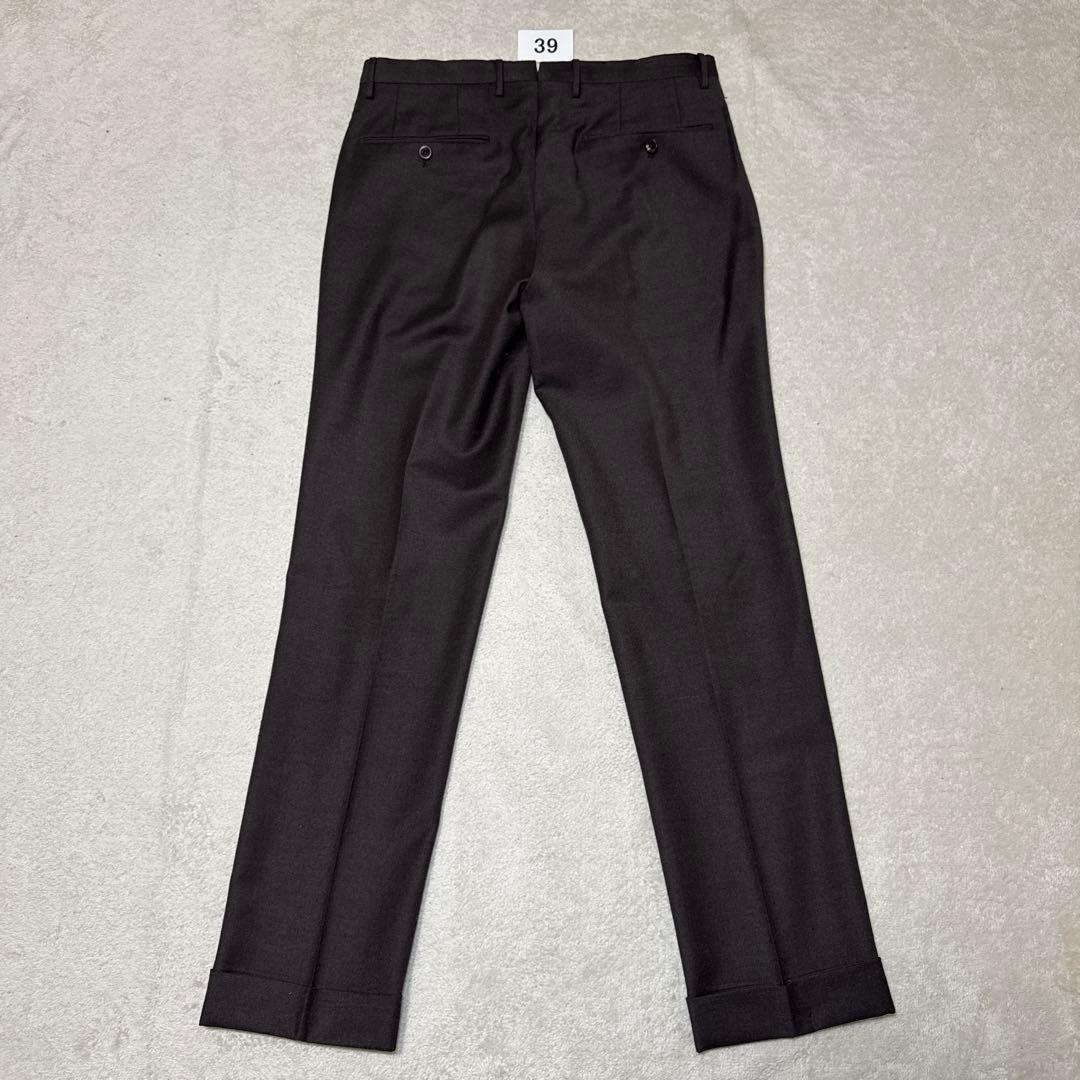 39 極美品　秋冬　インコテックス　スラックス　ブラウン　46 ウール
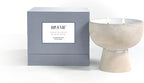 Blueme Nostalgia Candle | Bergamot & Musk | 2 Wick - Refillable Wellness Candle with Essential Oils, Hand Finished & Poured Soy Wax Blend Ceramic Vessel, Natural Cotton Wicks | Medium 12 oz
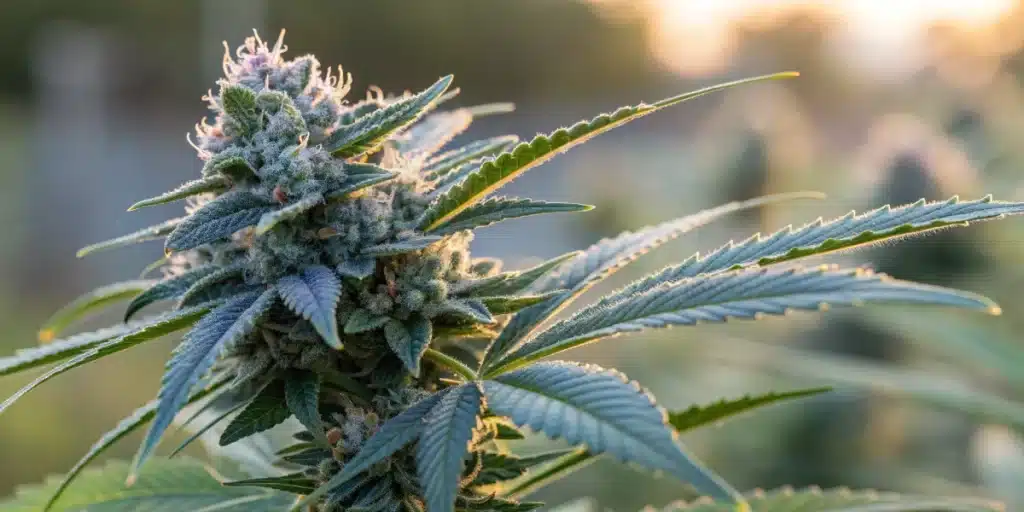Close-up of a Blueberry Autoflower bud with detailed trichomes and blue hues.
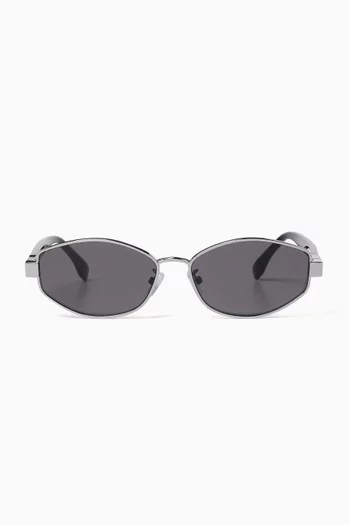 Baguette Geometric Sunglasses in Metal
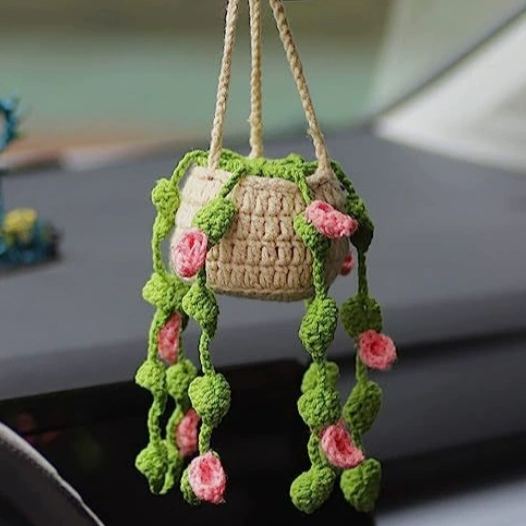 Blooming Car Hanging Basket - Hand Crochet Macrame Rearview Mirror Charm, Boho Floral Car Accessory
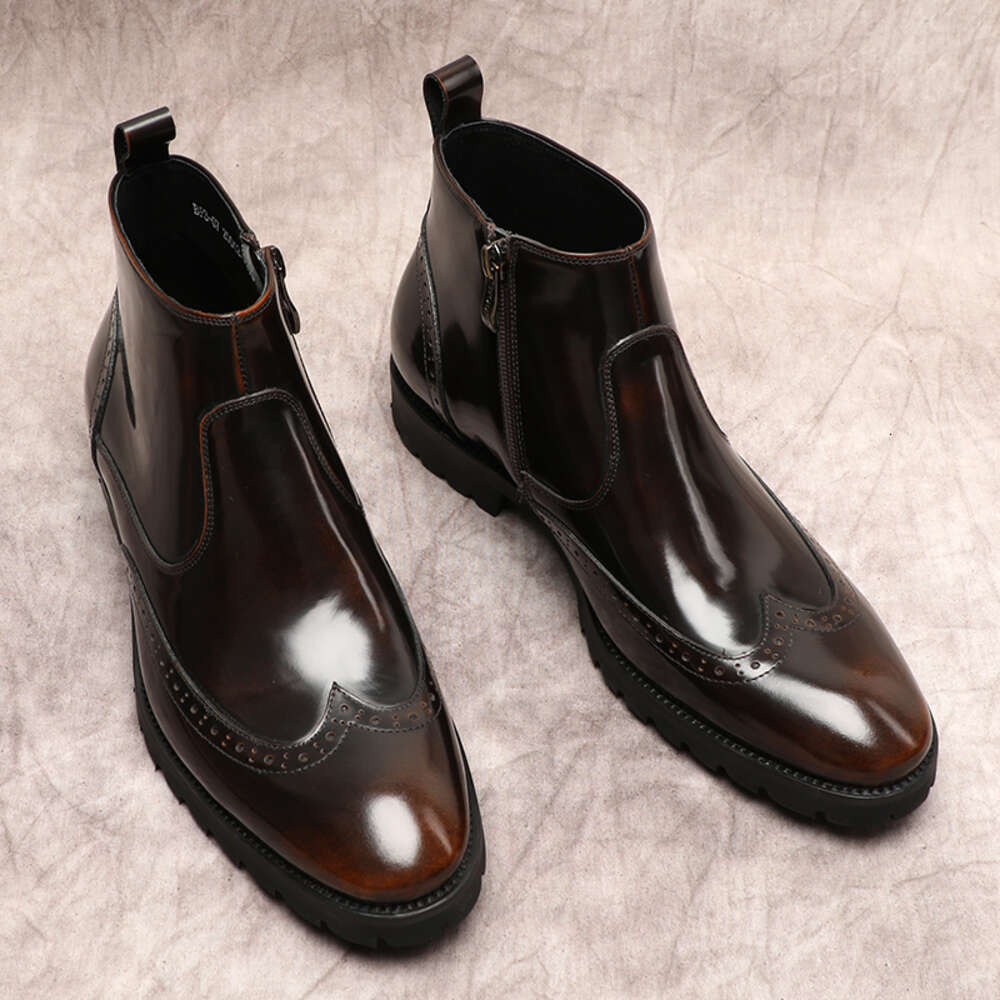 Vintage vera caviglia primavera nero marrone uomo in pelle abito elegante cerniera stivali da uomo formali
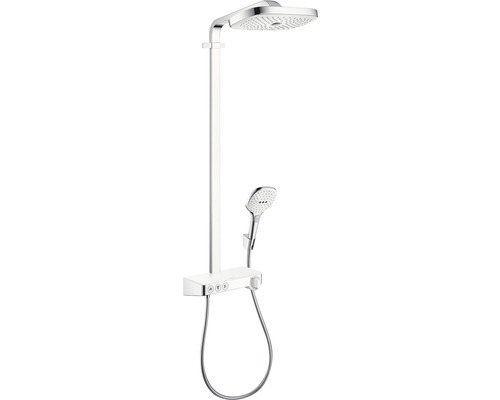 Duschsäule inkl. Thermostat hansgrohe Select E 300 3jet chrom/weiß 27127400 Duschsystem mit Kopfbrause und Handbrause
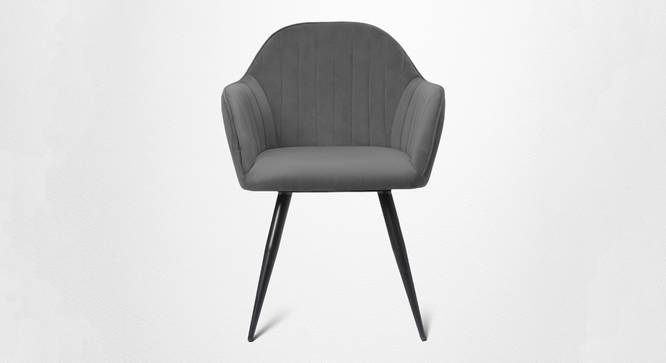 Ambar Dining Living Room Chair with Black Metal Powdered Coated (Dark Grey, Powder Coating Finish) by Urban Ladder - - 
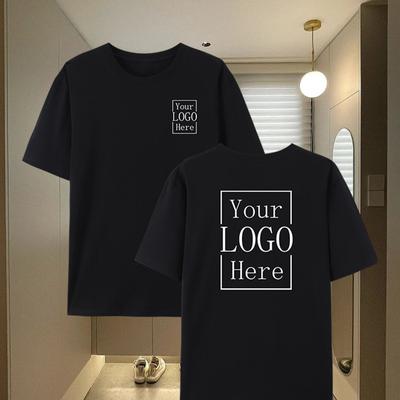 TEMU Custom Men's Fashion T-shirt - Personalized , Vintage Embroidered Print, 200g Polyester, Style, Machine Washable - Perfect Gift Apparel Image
* * *
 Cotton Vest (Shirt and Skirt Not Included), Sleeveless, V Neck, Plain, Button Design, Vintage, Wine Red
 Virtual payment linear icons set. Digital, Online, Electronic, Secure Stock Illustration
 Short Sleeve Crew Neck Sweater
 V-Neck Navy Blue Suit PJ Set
...
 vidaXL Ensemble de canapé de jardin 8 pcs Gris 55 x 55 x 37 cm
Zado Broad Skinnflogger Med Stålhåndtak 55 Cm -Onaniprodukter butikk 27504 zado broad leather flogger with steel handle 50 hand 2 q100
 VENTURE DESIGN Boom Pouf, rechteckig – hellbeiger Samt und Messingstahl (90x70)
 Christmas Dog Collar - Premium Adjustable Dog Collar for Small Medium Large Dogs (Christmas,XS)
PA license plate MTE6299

> [WHAT IS BEING ASKED]: Output the lines of the records above exactly as they appear, from the line containing "Virtual payment linear" through the line containing "V-Neck Navy Blue Suit PJ Set".

> [WRITTEN RESPONSE]:
 Virtual payment linear icons set. Digital, Online, Electronic, Secure Stock Illustration
 Short Sleeve Crew Neck Sweater
 V-Neck Navy Blue Suit PJ Set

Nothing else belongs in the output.